|Computational Mathematics Seminar Series|
|Solving the Eikonal Equation on Adaptive Triangular and Tetrahedral Meshes|
|Luke Owens, University of South Carolina|
|Johnston Hall 338
April 20, 2009 - 11:00 am
The two well known methods for solving the eikonal equation are the fast marching method and the fast sweeping method. On a rectangular or cubic mesh both of these methods can be easily implemented. However, on a triangular or tetrahedral mesh complications arise. We will explore both the fast marching and fast sweeping methods and touch on the recent application of using higher order discontinuous Galerkin methods to solve the eikonal equation. Finally, theoretical and numerical convergence results will be presented for the closest point algorithm on an adaptive triangular mesh. The closest point algorithm is used to solved the distance function, which is important in the application of fitting a surface to 3D point cloud data.

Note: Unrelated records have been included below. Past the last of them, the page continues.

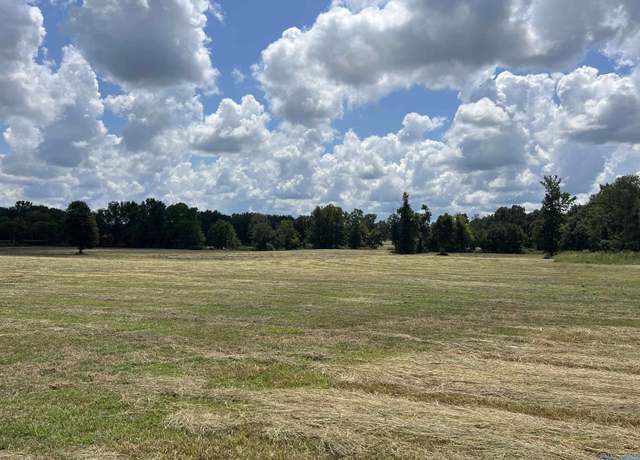 Property at 22 acres County Road 125, Moulton, AL 35650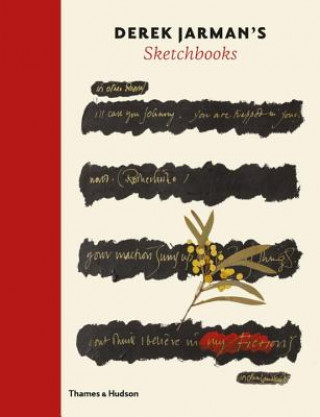 Kniha Derek Jarman's Sketchbooks Stephen Farthing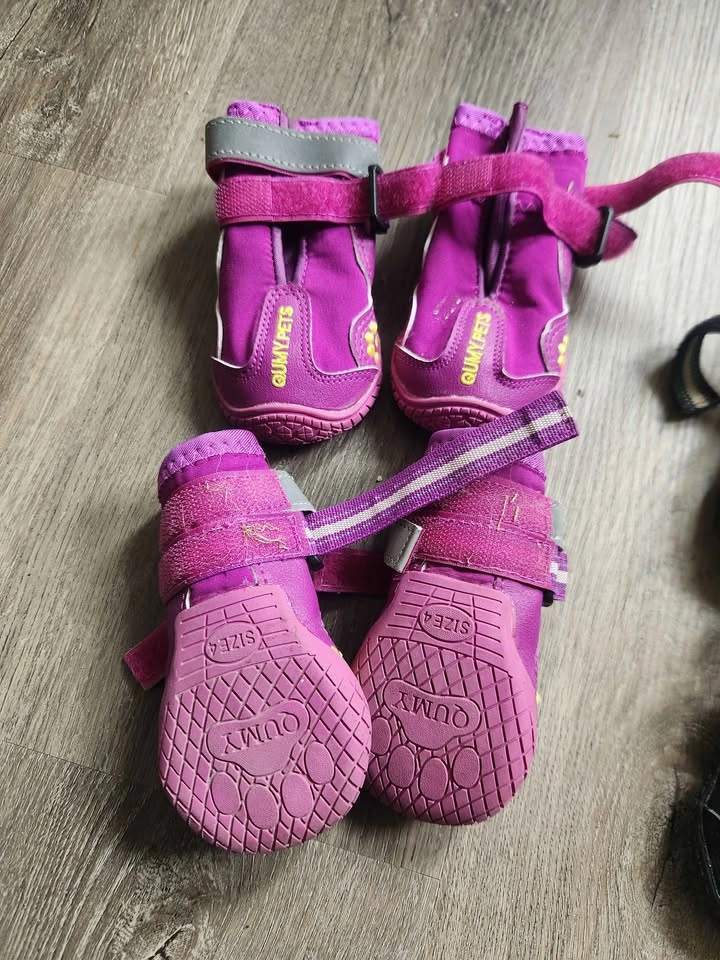 Dog shoes and socks - photo 2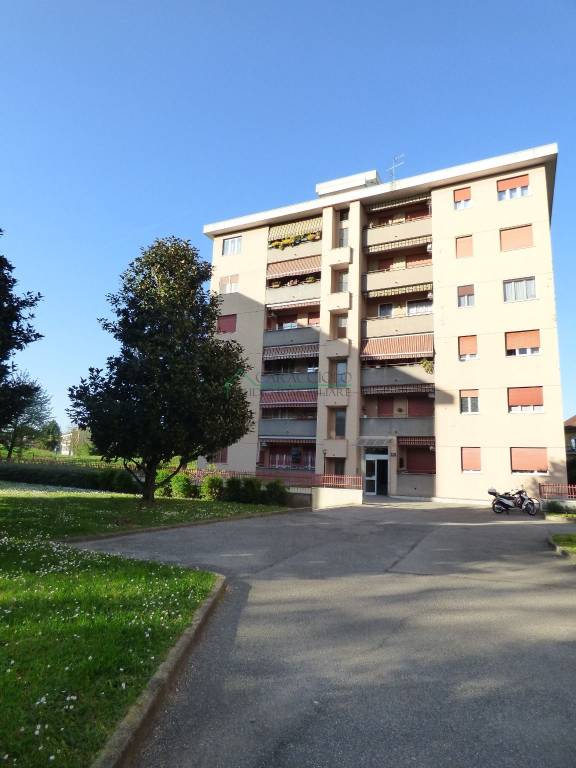 immagine annuncio 1 di 15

Luke Owens is from WIndsor, ON, Canada. He went to Kennesaw, GA in August of 2000 on a golf scholarship. He graduated with a Bachelor of Science degree in Mathematics from Kennesaw State University. In 2007, he graduated from the University of South Carolina with a Ph.D. in Mathematics under the direction of Susanne Brenner and Li-yeng Sung. Dr. Owens is currently working at the Industrial Mathematics Institute at USC as a mathematics postdoc researcher. He will be a postdoc at Texas A&M starting fall 2009.